For snooping we use evrouter.  In debug mode it will tell us what the events we get are:

stories:~# /home/larsi/bin/evrouter-64 -d /dev/input/ortek*
device  0: /dev/input/ortek7:   RF USB Device
device  1: /dev/input/ortek8:   RF USB Device
”  RF USB Device” “/dev/input/ortek7” none key/55 “fill this in!”
”  RF USB Device” “/dev/input/ortek7” none key/98 “fill this in!”
”  RF USB Device” “/dev/input/ortek7” none key/28 “fill this in!”

So we need to create an evrouter.rc file that maps the events to whatever we want to have happen.

This is the file that maps all the keypad keys on the Ortek device:

“.*” “/dev/input/ortek.*” none key/15 “Shell/getchar TAB”
“.*” “/dev/input/ortek.*” none key/98 “Shell/getchar /”
“.*” “/dev/input/ortek.*” none key/55 “Shell/getchar *”
“.*” “/dev/input/ortek.*” none key/14 “Shell/getchar BACK”

“.*” “/dev/input/ortek.*” none key/71 “Shell/getchar 7”
“.*” “/dev/input/ortek.*” none key/72 “Shell/getchar 8”
“.*” “/dev/input/ortek.*” none key/73 “Shell/getchar 9”
“.*” “/dev/input/ortek.*” none key/74 “Shell/getchar -“

“.*” “/dev/input/ortek.*” none key/75 “Shell/getchar 4”
“.*” “/dev/input/ortek.*” none key/76 “Shell/getchar 5”
“.*” “/dev/input/ortek.*” none key/77 “Shell/getchar 6”
“.*” “/dev/input/ortek.*” none key/78 “Shell/getchar +”

“.*” “/dev/input/ortek.*” none key/79 “Shell/getchar 1”
“.*” “/dev/input/ortek.*” none key/80 “Shell/getchar 2”
“.*” “/dev/input/ortek.*” none key/81 “Shell/getchar 3”
“.*” “/dev/input/ortek.*” none key/28 “Shell/getchar ENTER”

“.*” “/dev/input/ortek.*” none key/82 “Shell/getchar 0”
“.*” “/dev/input/ortek.*” none key/83 “Shell/getchar .”

You can, of course, do anything with these events.  For this particular use case, though, I want to collect a single line, and then act upon it when I hit the ENTER key.  So I’ve written a tiny program called getchar that collects keys, and then acts upon the string when it gets ENTER.

So start evrouter:

evrouter -c ~/.evrouter-keypad.rc /dev/input/ortek*

And there you are.  Couldn’t be…  er…  perhaps it could be simpler.

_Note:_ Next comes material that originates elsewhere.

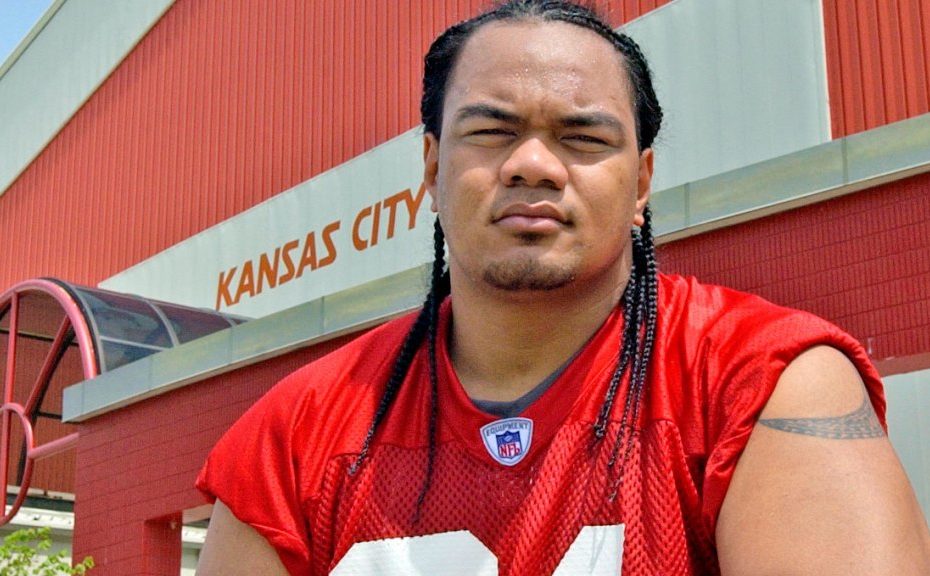 Former NFL Defensive Tackle Junior Siavii Found Dead in Prison at Age 43 Under Mysterious Circumstances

Perhaps evrouter should be extended to allow storing longer strings, and then executing stuff based on the string contents and stuff.  That’s for another day, I guess.

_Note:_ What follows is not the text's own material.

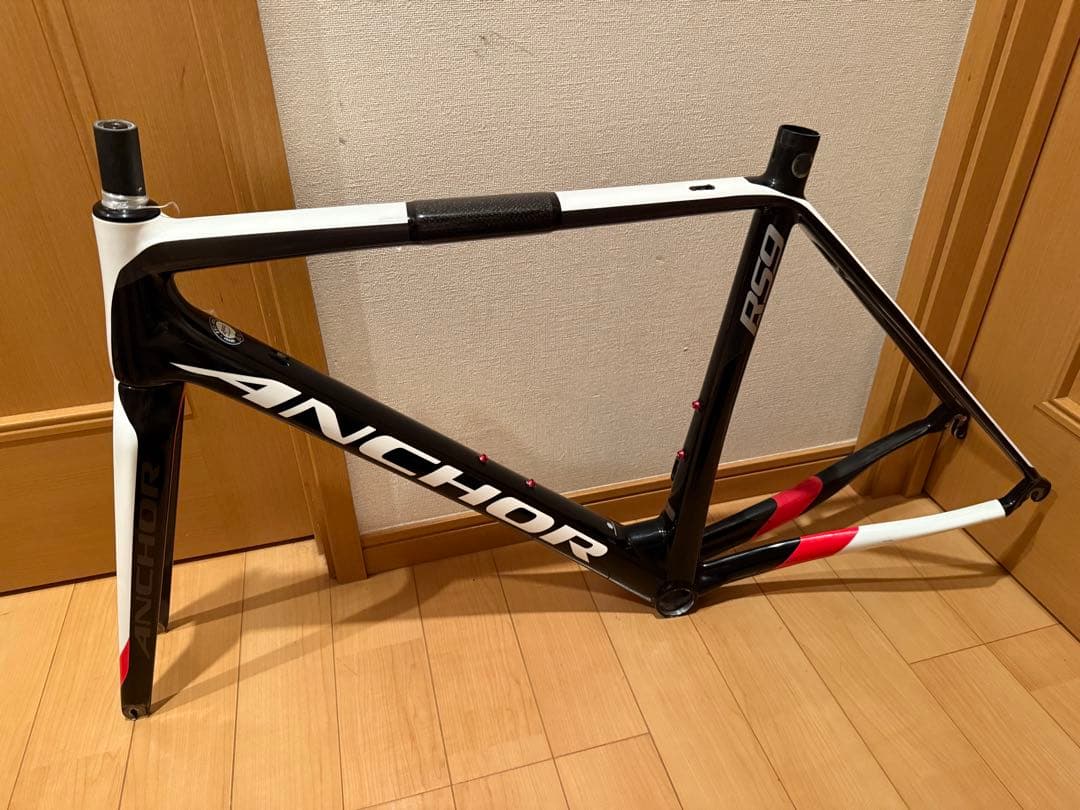 BRIDGESTONE ANCHOR RS9 カーボンフレーム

Or perhaps someone should just put support for stuff like this into … something.  X?  Or the window manager(s)?  Or both?  Anyway, that would be nicer.

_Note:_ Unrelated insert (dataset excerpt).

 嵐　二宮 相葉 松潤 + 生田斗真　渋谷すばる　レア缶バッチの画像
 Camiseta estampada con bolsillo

Has anybody made something like that?

Slightly More Useful Fluttering

Some weeks back I wondered whether I could use Youtube as a screen saver.  It turned out that I could.

That wasn’t, strictly speaking, very useful, but now I had a small USB monitor sitting in the hall, so I might as well make it display something practical in addition to the music videos.

Hence: flit.

Currently it checks what temperature it’s outside my bedroom window and displays that at the top right there.  (Yes!  It’s that warm here in Oslo now!)

And then it downloads the weather forecast from, picks out the precipitation data for the next 24 hours, and plots that as a line at the bottom.

Somewhat cryptic, but that’s part of the fun.

Technologies used: LaTeX to render the temperature data, gnuplot to render the precipitation line, and qiv to display the image with a transparent background on top of the mplayer window.  As one does.

Conspicuous Youtube Consumption

Stina Nordenstam rockin’ in the USB

I’ve been sleeping in even odder patterns than usual lately (I suspect that I’m coming down with microencephaly, SAD and “the hypo”), so I found myself staring at the stereo computer thinking that there should be movement.

I normally hate computer screens that have pulsing lights and stuff, but I wondered how much work it would be to automatically download music videos from Youtube for whatever was playing, and then just show the video.  The sound wouldn’t be synced up, of course, but it’d be a kinda… like…  spastic screen saver.

A screen saver that doesn’t save the screen or the CPU or the network or on electricity, and would probably get me banned from Youtube.

So I started typing, and here it is.

I had a spare USB-powered little screen, so I put the stuff on a small screen instead of using a big one.  I mean, that would be too fluttery.

It’s been in production for all of fifteen minutes now, so I have no idea whether I’m going to pull the plug on the “project” (and the USB monitor) or not.  I’m guessing I probably will.